On 8 Aug 2007, at 17:01, David Abrahams wrote:
This part of my analysis focuses on the tools available for getting feedback from the system about what's broken. Once again, because there's been substantial effort invested in dart/cmake/ctest and interest expressed by Kitware in supporting our use thereof, I'm including that along with our current mechanisms. Although not strictly a reporting system, I'll also discuss BuildBot a bit because Rene has been doing some research on it and it has some feedback features.
I've struggled to create a coherent organization to this post, but it still rambles a little, for which I apologize in advance.
Feedback Systems ================
Boost's feedback system has evolved some unique and valuable features
Unique Boost Features ---------------------
* Automatic distinction of regressions from new failures.
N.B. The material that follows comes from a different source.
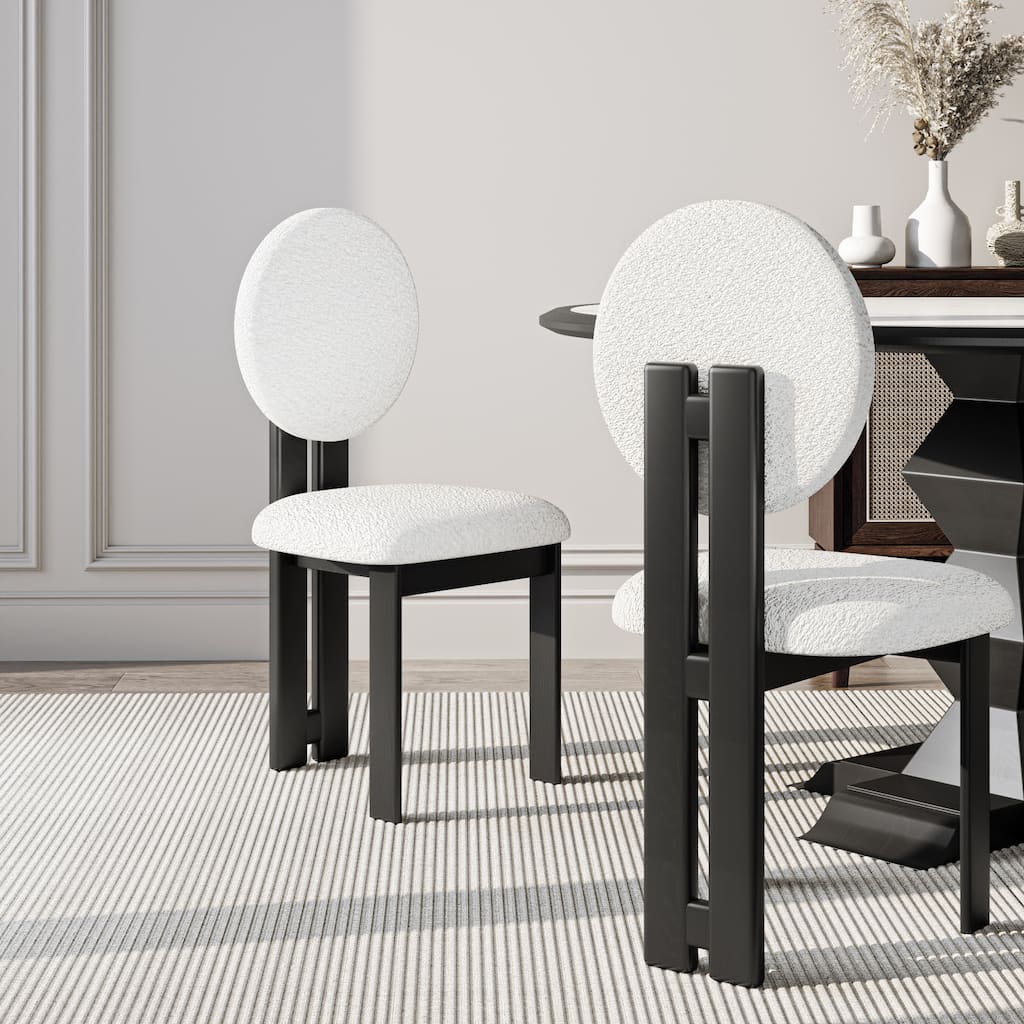 Modern Accent Chair, Upholstered Armless Dining Sherpa Chairs Set Of 2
* A markup system that allows us to distinguish library bugs from compiler bugs and add useful, detailed descriptions of severity and consequences. This feature will continue to be important at *least* as long as widely-used compilers are substantially nonconforming.
* Automatic distinction of tests that had been failing due to toolset limitiations and begin passing without a known explanation.
* A summary page that shows only unresolved issues.
* A separate view encoding failure information in a way most appropriate for users rather than library developers.
While I acknowledge that Boost's feedback system has substantial weaknesses, no other feedback system I've seen accomodates most of these features in any way.
I agree. I've had numerous experiences with large projects that
have not done it as well as boost. Personally I find the status information held by meta-comm to be useful and informative. The opening page isn't very useful but digging in always leads to the information that is most useful.
Dart ----
It seems like Dart is a long, long way from being able to handle our display needs -- it is really oriented towards providing binary "is everything OK?" reports about the health of a project. It would actually be really useful for Boost to have such a binary view; it would probably keep us much closer to the "no failures on the trunk (or integration branch, if you prefer)" state that we hope to maintain continuously. However, I'm convinced our finer distinctions remain extremely valuable as well.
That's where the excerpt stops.